# Your objective:
Line by line, return everything in the listing exactly.

# Exercise data:
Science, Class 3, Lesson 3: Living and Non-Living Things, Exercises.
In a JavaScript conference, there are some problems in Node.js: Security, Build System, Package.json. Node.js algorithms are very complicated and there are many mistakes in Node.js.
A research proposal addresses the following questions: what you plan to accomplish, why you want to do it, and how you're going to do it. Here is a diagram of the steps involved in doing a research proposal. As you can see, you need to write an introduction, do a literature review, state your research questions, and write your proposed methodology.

# Expected answer:
Science, Class 3, Lesson 3: Living and Non-Living Things, Exercises.
In a JavaScript conference, there are some problems in Node.js: Security, Build System, Package.json. Node.js algorithms are very complicated and there are many mistakes in Node.js.
A research proposal addresses the following questions: what you plan to accomplish, why you want to do it, and how you're going to do it. Here is a diagram of the steps involved in doing a research proposal. As you can see, you need to write an introduction, do a literature review, state your research questions, and write your proposed methodology.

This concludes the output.